Why Unfamiliarity with SMB Marketing Tools and Best Practices Hurts

As a small/medium business (SMB) owner, you’ve figured out that email marketing works and know that this social media thing could be good for your business. It’s a great way to keep in touch with people who already know you and your company and it’s easy to stay top-of-mind until someone is ready to purchase.

However, what they fail to mention about do-it-yourself (DIY) SMB marketing tools is that there are plenty of SMB marketing best practices used to make these tools successful for your business. What they don’t tell you is this: unless you’re doing everything right to make sure you’re launching your SMB marketing campaigns at optimal times, and using industry best practices, chances are, you’re not actually seeing the benefits of your time and financial investment.

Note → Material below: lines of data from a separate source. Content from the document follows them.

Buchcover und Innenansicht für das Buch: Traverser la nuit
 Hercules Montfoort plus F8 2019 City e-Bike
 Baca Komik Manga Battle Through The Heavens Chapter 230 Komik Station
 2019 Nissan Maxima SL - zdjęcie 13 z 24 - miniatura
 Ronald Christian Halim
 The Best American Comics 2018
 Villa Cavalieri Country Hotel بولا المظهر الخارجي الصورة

DIY SMB Marketing Tools Leave Room for Failure.

DIY tools for email marketing give you a good starting point to getting the benefits of email and social media marketing. They’ll help you to build out newsletters, create a template, and send emails to multiple people at once. However, what a lot of people fail to realize is that there is a lot of work involved when heading up your own marketing efforts for your SMB. Not to mention, the numerous pitfalls along the way that only come from lots of trial and error.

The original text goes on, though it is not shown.